In total, combined character additions from both events, six months later, equals 2,539.6 pages of standard copy paper. These contributions could fit into two copies of War and Peace with a little text left over. That is an average of about 423 sheets of paper (bigger than that Harry Potter book!) written a month.

  • Why did that one editor retain after six months?
  • Why did those two editors fail to be retained?
  • Why did the event #2 retained editors "make up" for their lower contribution numbers that appeared one month later.


  • Lack of data on the average of characters added and edits made at edit-a-thons around the world, of this average size (30-35 participants). This would allow us to learn more about the impact of individual events and gain a broader sense of if these events meet their goals (i.e. retaining new editors, exciting experienced editors, people have fun, content gets improved)
  • On occasion, editors create new accounts (perhaps due to losing password information, socks, (legal and not legal), bots, etc.) and we're unable to track those changes. So, we are unaware if perhaps a new editor who edited at the event, made a new account after the event and was retained.
  • It was very hard to do an evaluation almost a year after the event took place. It's best to do it in the "present" of the event time.

Next steps and reflection[edit]

What worked well[edit]

Encouraging attendees to bring children allows for parents to participate without having to seek childcare. However, kids can get bored after a while.

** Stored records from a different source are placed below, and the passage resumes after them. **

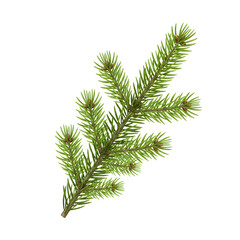 pine branch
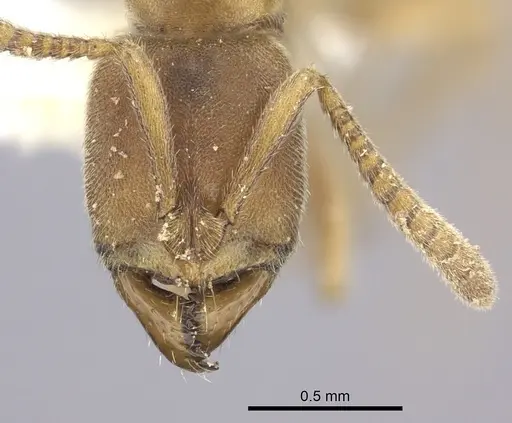 Parvaponera sheldoni specimen CASENT0249180 image casent0249180_2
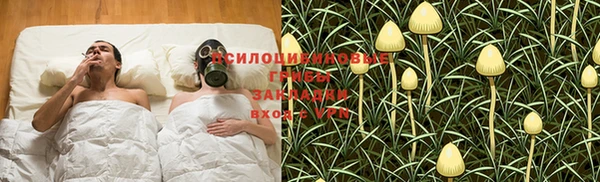 гидра Елизово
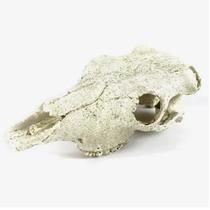 Nomoypet ns-74 cranio boi 21x7cm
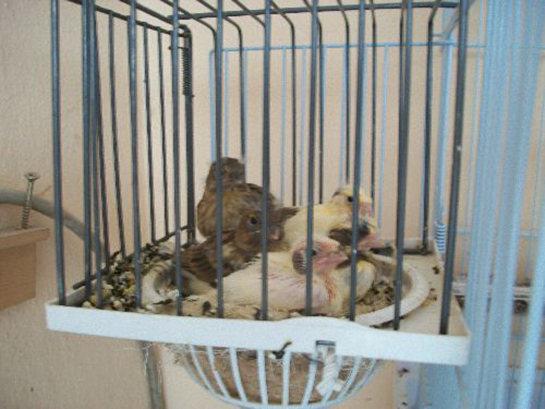 Kanarya Yavru Bakımı Nasıl Yapılır?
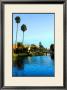 Two Palm Trees In The Sky by Jack Heinz Limited Edition Pricing Art Print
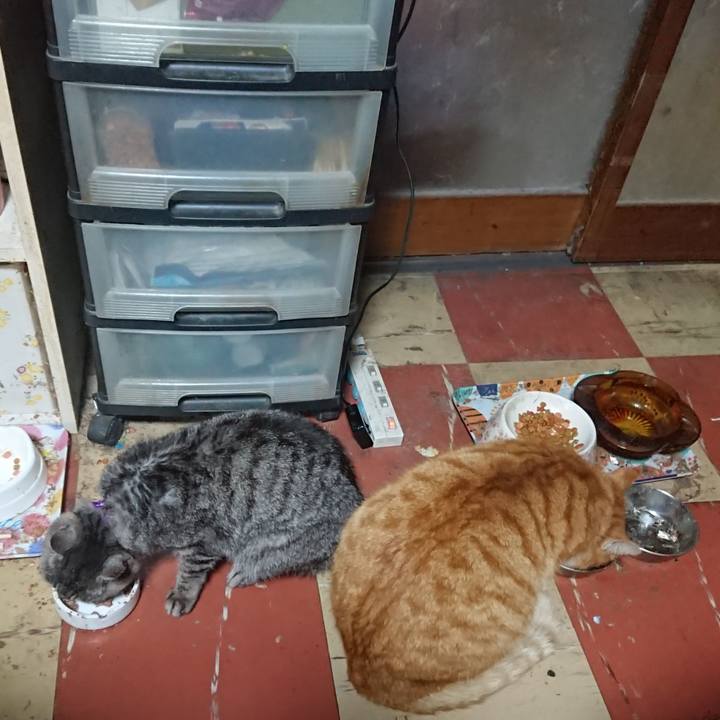 429a6c0d e872 404d a8e3 661f8e94bbfe 1583049641316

The more kids, more of a chance for child care or investment in games and toys at the venue.
  • Having experienced editors on hand to help train and work with new editors as needed.
  • Reaching out to non-Wikimedia channels, such as universities and organizations, can help bring new and curious participants.
  • Pre-preparing materials such as print outs and templates (even the event page template) is helpful, which made the second event take less time to prepare.
  • Having refreshments and giveaways always makes an event more enjoyable!
  • Taking photographs at the event makes for helpful images to promote the event in the future.
  • Having a to-do list prepared is helps participants make easy decisions on what to edit.
  • Allowing people to bring children, especially at women-centric events where it might be hard for someone to find child care.
  • Having regular events - we held the events with a few months of each other around the same time of the month which makes consistency in the event and can attract same attendees.

What didn't work well[edit]

  • Properly track who does attend the event. Both events failed to track all attendees. Which can lead to data being incorrect.
  • Parents brought children, but, no child care was provided and children eventually got bored.
  • Not evaluating throughout the entire process. Thus an evaluation over a year later.
  • We only took photographs at one event. Always take photos.

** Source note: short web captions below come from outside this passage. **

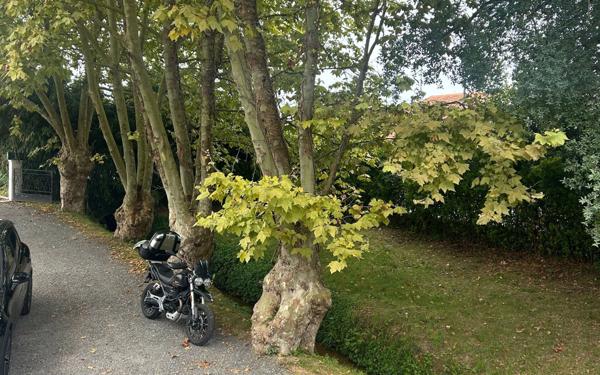 Maison à vendre    5 pièces • 140 m2 Ondres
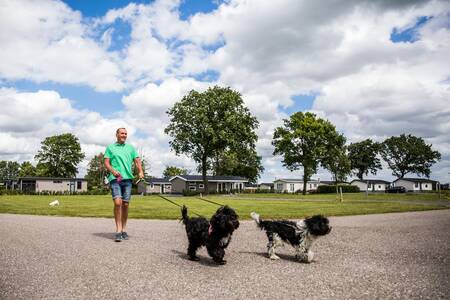 Man met honden wandelt voor vakantiehuizen op vakantiepark Topparken Park Westerkogge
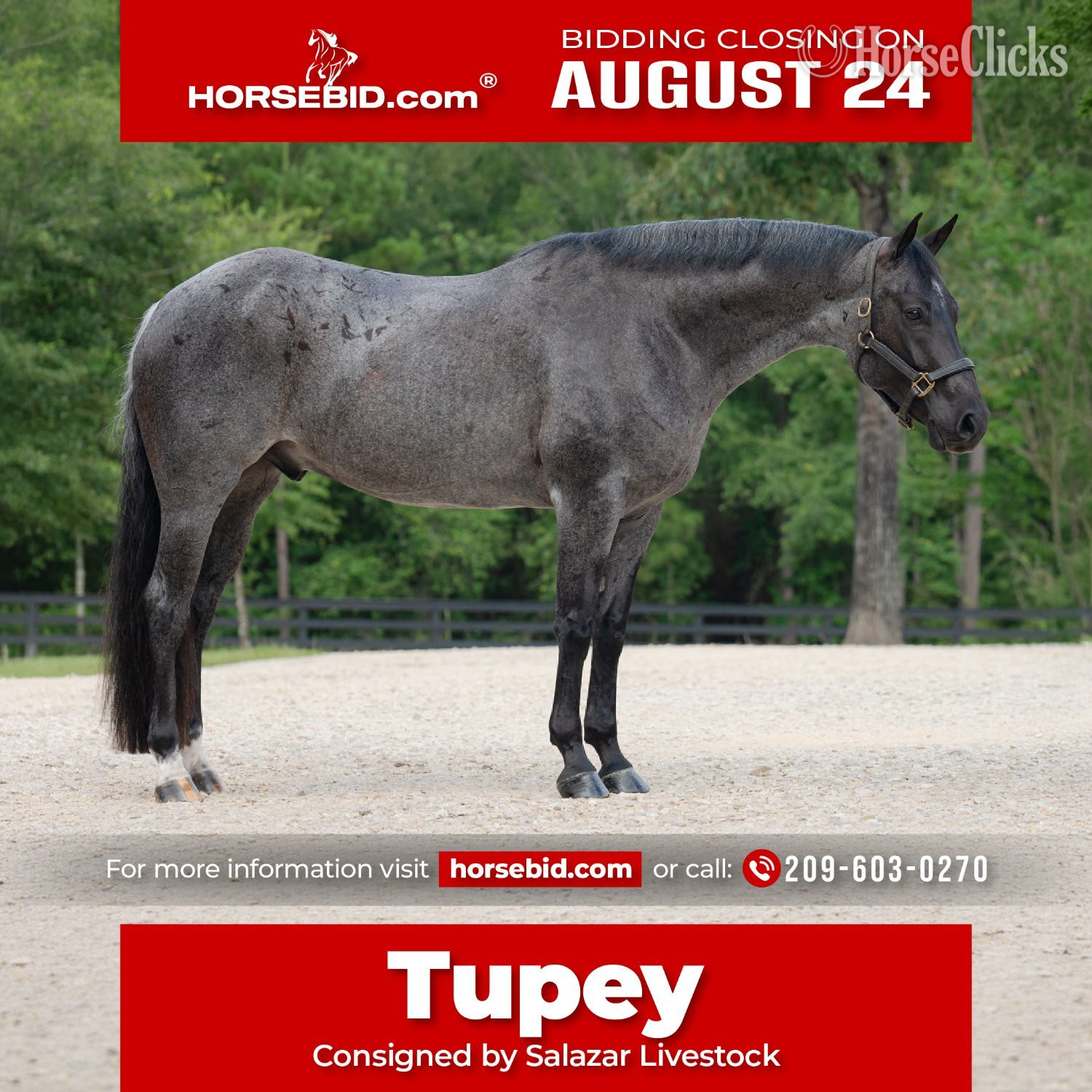 "Tupey" Blue Roan Gelding Quarter Horse in Texas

What data we would seek next time[edit]

  • Complete listing of who attended and made accounts.
  • Survey participants before (perhaps brief survey upon arrival) and a post-event survey to learn about:
    • General attitude and feeling about event
    • Learn about participants skill, experience and knowledge with Wikipedia
    • Learn about what participants want to experience at the event
    • Learn if participants believe they will edit after the event
    • Gender/background information
  • Reach out personally to participants, especially new editors, not just on talk pages (email, phone) to see why or why not they have edited.
  • Return on investment.


Fun was had, but there is more to learn about edit-a-thons.

With intended goals to improve women related articles and to teach and retain new women editors, these two events succeeded easily at one, and struggled at the other. In total, both events created 12 new articles and improved a total of 24 existing articles. Article subjects that were created include American journalist and activist Eva Valesh and feminism in Russia, the latter which became a good article. Improved articles include the core article women's history and the biography of Russian writer Irina Ratushinskaya. Additional articles were also written and improved. Total article creations and improvements for both events were 16 and 24, respectively.

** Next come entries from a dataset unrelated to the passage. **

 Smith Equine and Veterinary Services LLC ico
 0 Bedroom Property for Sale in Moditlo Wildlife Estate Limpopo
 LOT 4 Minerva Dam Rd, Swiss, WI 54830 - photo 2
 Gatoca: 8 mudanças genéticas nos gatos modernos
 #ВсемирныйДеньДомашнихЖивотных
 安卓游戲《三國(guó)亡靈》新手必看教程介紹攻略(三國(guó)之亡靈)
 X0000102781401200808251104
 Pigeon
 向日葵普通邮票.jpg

The intended outcome of retaining new editors who attended the events was a clear struggle. Event #1 had a total of 36 attendees with 33.3% being new editors, event #2 struggled to attract new editors, bringing only one who made an account at the event. The event #2 failed to retain that editor. However, event #1, after one month, succeeded at retaining three out of their 12 new editor participants. Averaging 114 characters added each, those three declined to one retained editor, after six months time. However, that one editor averaged 125 character contributions each month, that is a higher average than those three editors had after one month!

There are many questions to still be answered, including what do we celebrate? Do we celebrate the retention of that one new editor? Why did they stay, and what can we learn from their retention. Is it a certain type of person who edits Wikipedia - whatever that is - and they fit the mold? Or did they feel inspired and get more involved in the community after the event? Did informing new editors about the Teahouse and other similar help systems help to retain that one user? All we can do is ask. And of course, let us celebrate the contributions made by editors of women's subjects who attended the events, and celebrate the experienced and new editors (even if it is only one!) who continue to build and improve the world's largest free online encyclopedia.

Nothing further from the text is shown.